TASK DATA:
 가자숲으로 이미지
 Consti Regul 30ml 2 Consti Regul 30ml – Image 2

* * *

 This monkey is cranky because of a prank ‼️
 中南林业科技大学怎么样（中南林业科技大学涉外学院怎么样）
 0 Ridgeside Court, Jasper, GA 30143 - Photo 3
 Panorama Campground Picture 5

REQUIRED ACTION: An exact copy of the lines above, from the one containing "中南林业科技大学怎么样（中南林业科技大学涉外学院怎么样）" down to the one containing "Panorama Campground Picture 5" and including both, is the whole answer; retype it and nothing else.

WRITTEN RESPONSE:
 中南林业科技大学怎么样（中南林业科技大学涉外学院怎么样）
 0 Ridgeside Court, Jasper, GA 30143 - Photo 3
 Panorama Campground Picture 5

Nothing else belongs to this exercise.